In a statement, Nancy Olson and Amy Turner, two Springs teachers and co-presidents of the Springs Teachers Association, commended the board on holding the community forum. “We are aware that the recent tax cap legislation and economic crises present you with very difficult choices this budget season,” Ms. Olson read. “As we have stated in a recent press release, the S.T.A. is committed to doing its part to help preserve the valuable programs that benefit kids here at Springs School.”
The letter suggested that the board reconsider its new administrative model and forgo adding an assistant principal.
“Although we recognize the advantages of adding an assistant principal, under our financial circumstances, we believe it would be preferable to apply that money to the preservation of programs for students and distribute these administrative duties to existing staff,” Ms. Olson read.
An earlier letter from the S.T.A. stated, “We are pleased to say that, although there is still much to be worked out, the S.T.A. and the district have a tentative agreement that calls for salary freezes and benefit concessions totaling over half a million dollars in savings to the district.” As of the meeting on Feb. 29, though, the teachers are still receiving their “step” increases annually, according to Michael Hartner, the school superintendent.
“This community cannot afford the ever-increasing taxes,” Carol Buda, a retired teacher and Springs resident, said during the public comment period. “It is literally forcing some people out of their homes. I don’t want to see the school fall apart,” she added, “but there are 30 teachers here making $100,000-plus. If a teacher is married to another teacher, or a policeman, I think that puts them in Obama’s 1 percent.”
Others in the audience echoed the sentiment and the school’s motto — “Springs School: Where Children Come First” — and were upset that possible cuts discussed at the budget meetings and the community forum held on Feb. 11 seemed to focus on eliminating school programs.

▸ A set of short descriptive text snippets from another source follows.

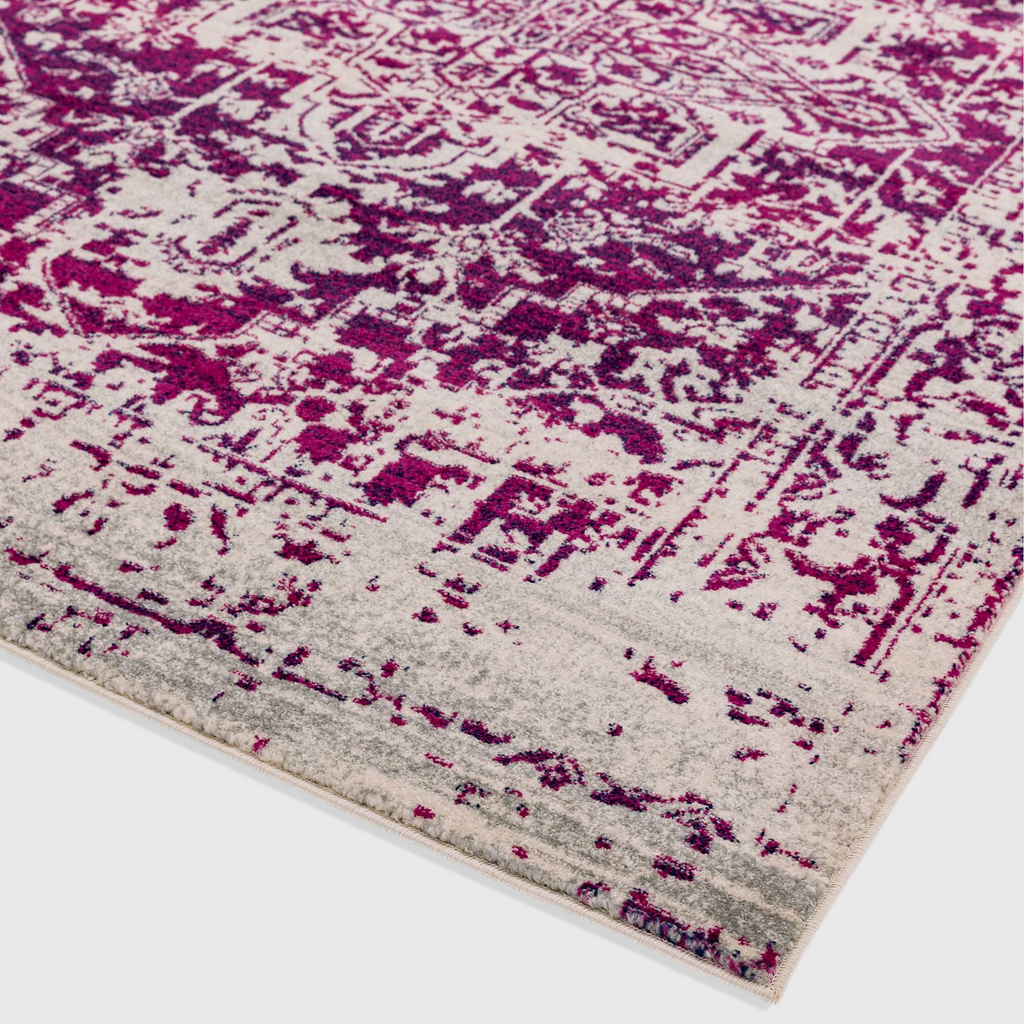 Alvo Rugs Novella Nv08 antique fuchsia rug with a distressed classic pattern and soft polypropylene pile.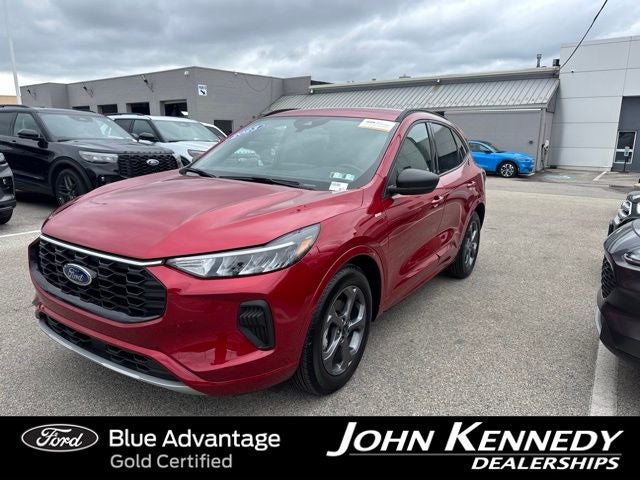 2023 Ford Escape ST-Line in Cinnabar Red Metallic Premium Colorant — front three-quarter view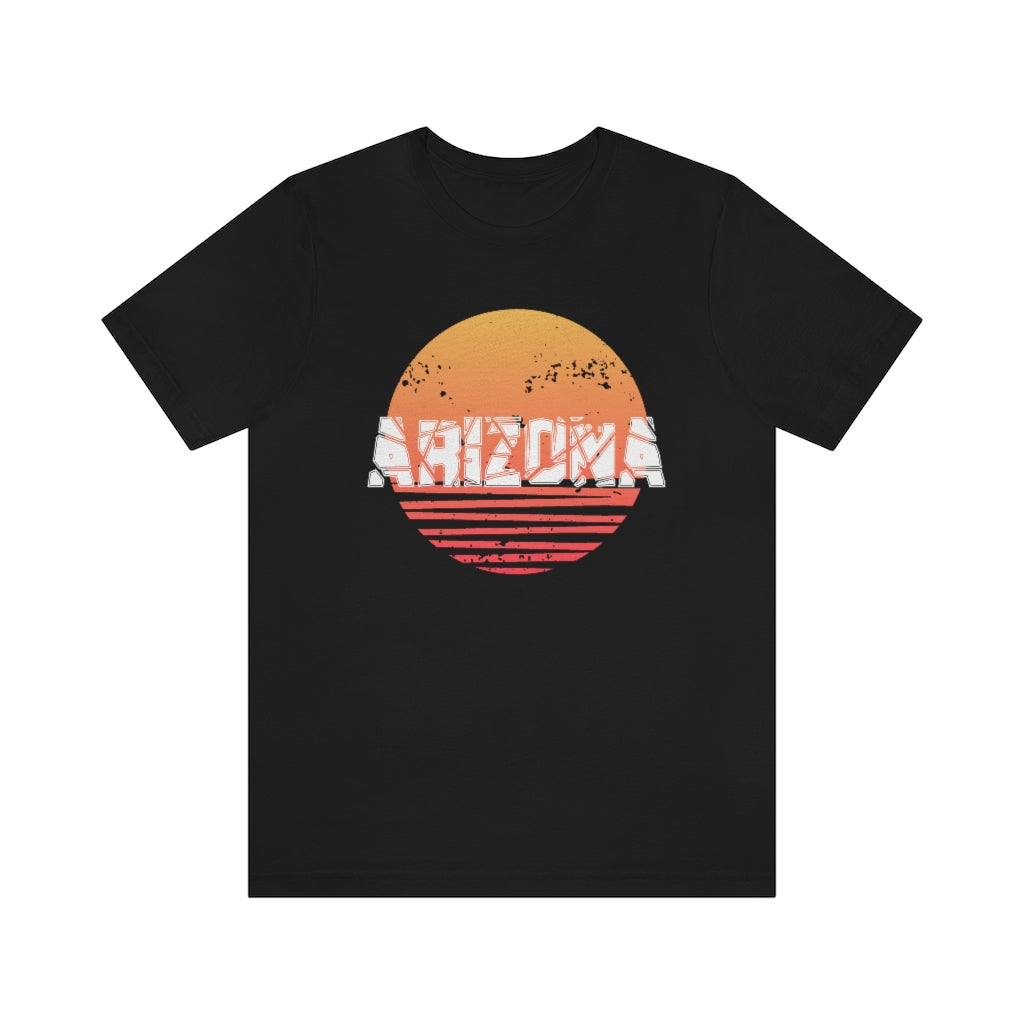 Arizona Sunset Souvenir T-Shirt featuring vibrant sunset design on soft cotton fabric, perfect for travel enthusiasts.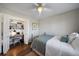 Cozy bedroom with a desk and built-in shelving at 5450 Flower Ct, Arvada, CO 80002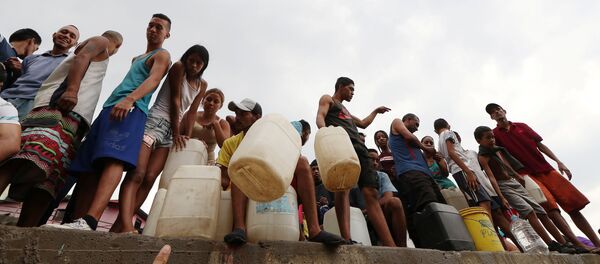 Venezolanos rellenan botellas de agua en Caracas - Sputnik Mundo
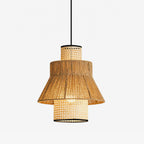 This Clérachic pendant, its tiered rattan drums skirted in jute rope fringe, shown glowing against a plain background.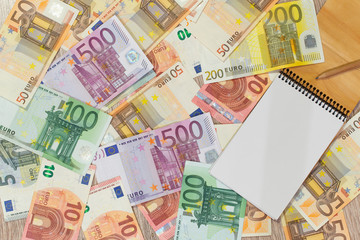 Euro, European money, various denominations a notebook in which you can write something.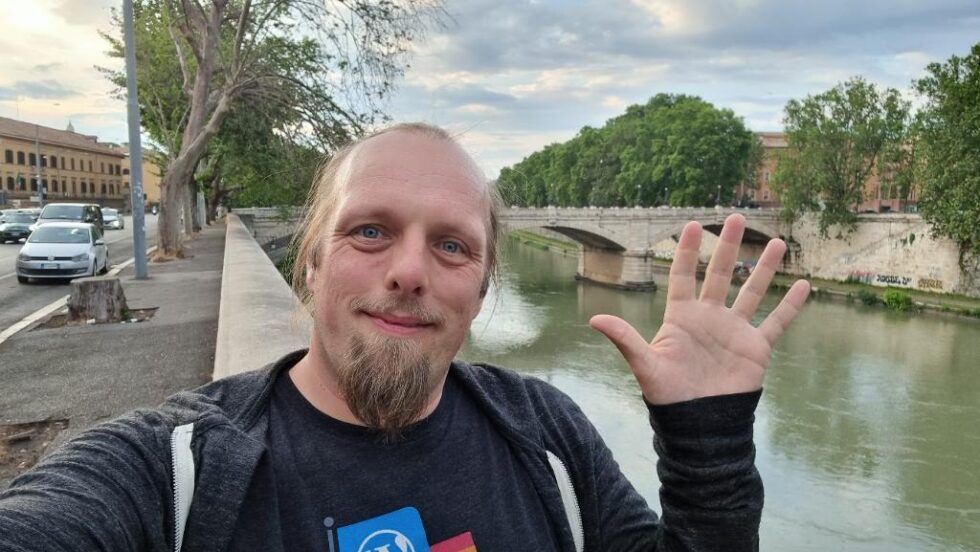Alongside the River Tiber, with a wide-arched stone bridge in the background, Dan sits on a wall and waves to the camera.
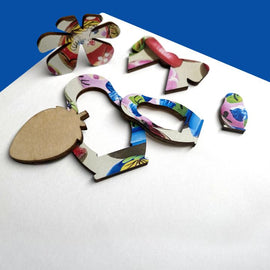 A colorful jigsaw puzzle featuring intricately designed pieces shaped like nesting dolls. The pieces display vibrant floral patterns and are made from wood, showcasing a mix of playful colors including pink, blue, and green. The puzzle pieces are arranged on a light-colored surface, highlighting their detailed artwork and craftsmanship.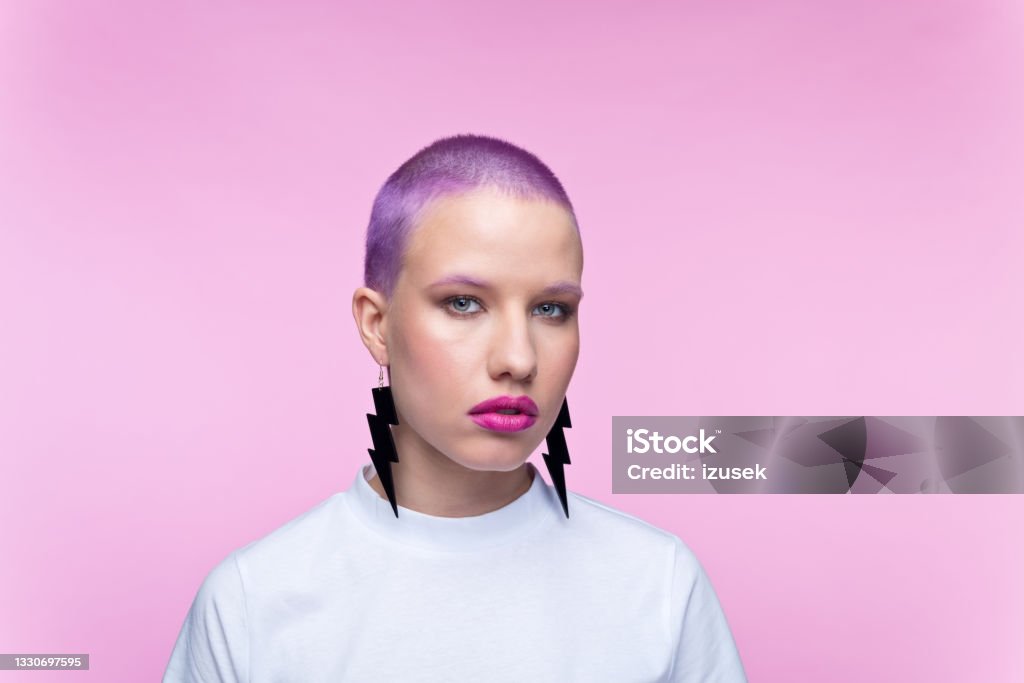Headshot of woman with short purple hair Young woman wearing white t-shirt and big earrings looking at camera. Studio portrait on pink background. Lightning Stock Photo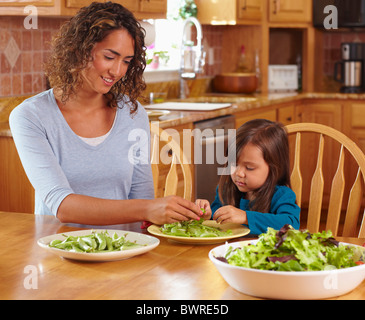 Madre e figlia piselli da sgranare al tavolo da pranzo Foto Stock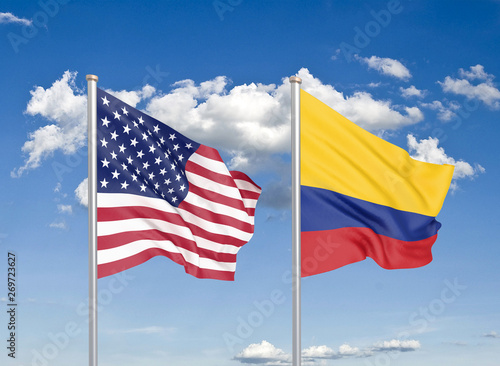 United States of America vs Colombia. Thick colored silky flags of America and Colombia. 3D illustration on sky background. - Illustration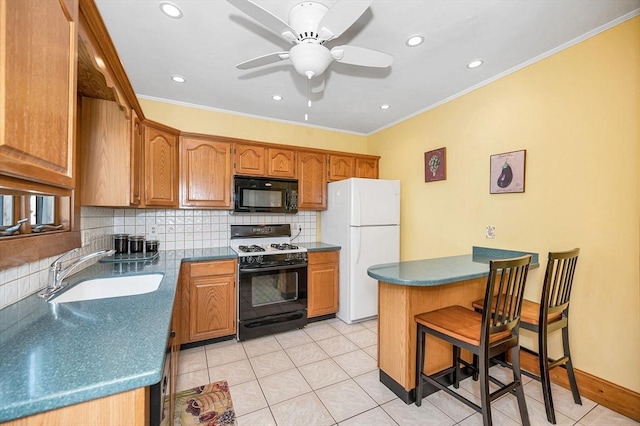 kitchen featuring black microwave, gas range, freestanding refrigerator, a sink, and backsplash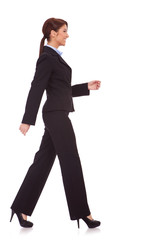 side view of a young business woman walking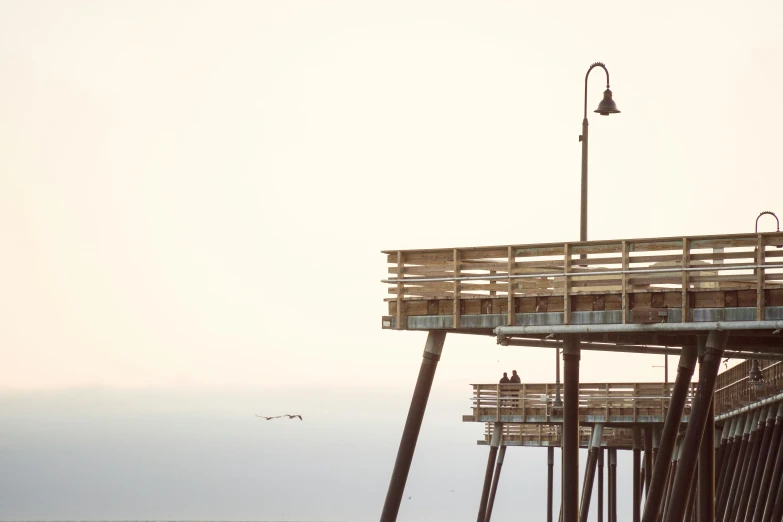 the ocean front of an old wooden pier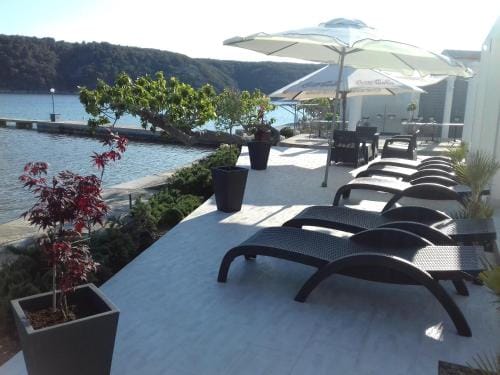Apartments and rooms with a swimming pool Kampor, Rab - 12773 Hotel in Supetarska Draga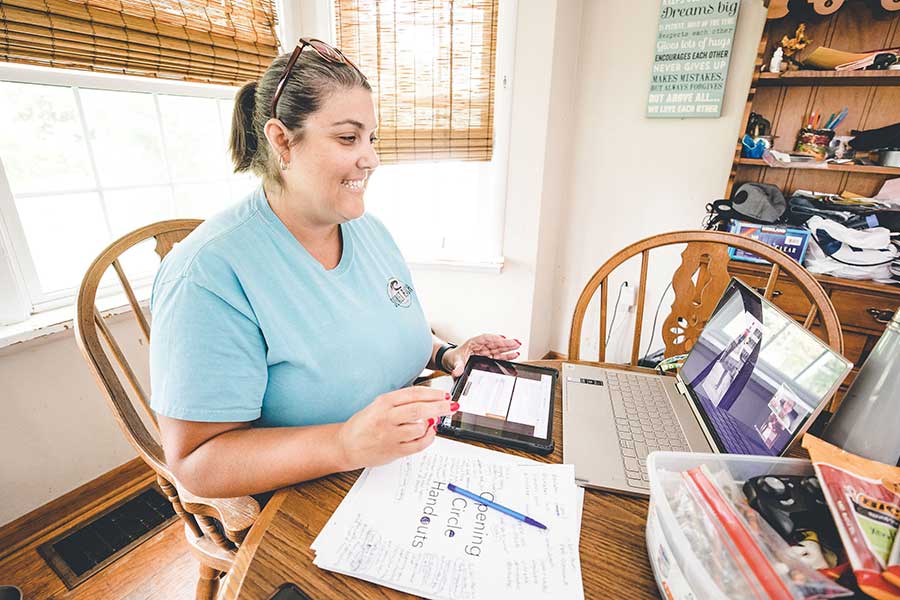 Smiling teacher in her home, at a table with art supplies, notes and a computer, with virtual Institute in progress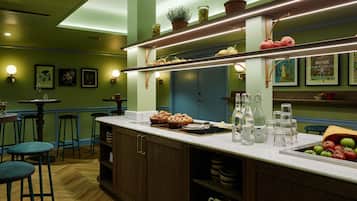 A restaurant with a bar area, wooden bar stools, and a counter with food and drinks.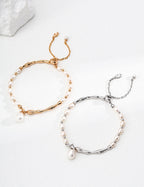 Natural pearl bracelet on a S925 sterling silver chain, isolated on a white background.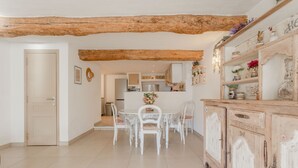 A dining area with a white table and chairs, a wooden ceiling, and a cabinet with decorative items. - Sainte-Maxime House: Private Terrace, Wi-Fi, and Air Conditioning (Le Plan)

“If you slash and burn this year, what are you going to do next year?” Ms. Buda asked.
Rameshwar Das pointed to the fact that the school tax in Springs is four times that of Amagansett.
Kristy LaMonda, a Springs teacher and resident, said her father “grew up steps from this school, the youngest of 12 kids who all went here.”
“I feel like I’m constantly defending this school,” she said. “It’s not that we [the district] are doing anything irresponsible with the money we’re given. We have no oceanfront property, we have no business district.” What Springs does have, as several speakers pointed out, is a 27-percent population jump in the past four years.
“There’s a sense of entitlement in this community,” said Dawn Flagg, a Springs resident. “Some people have been out of a job for years. Nothing is free. When I wanted my kids to go to preschool, I paid for it.”
“If you have a job and you have security, that’s something to be grateful for, instead of looking for the next green leaf from a tree that isn’t there.”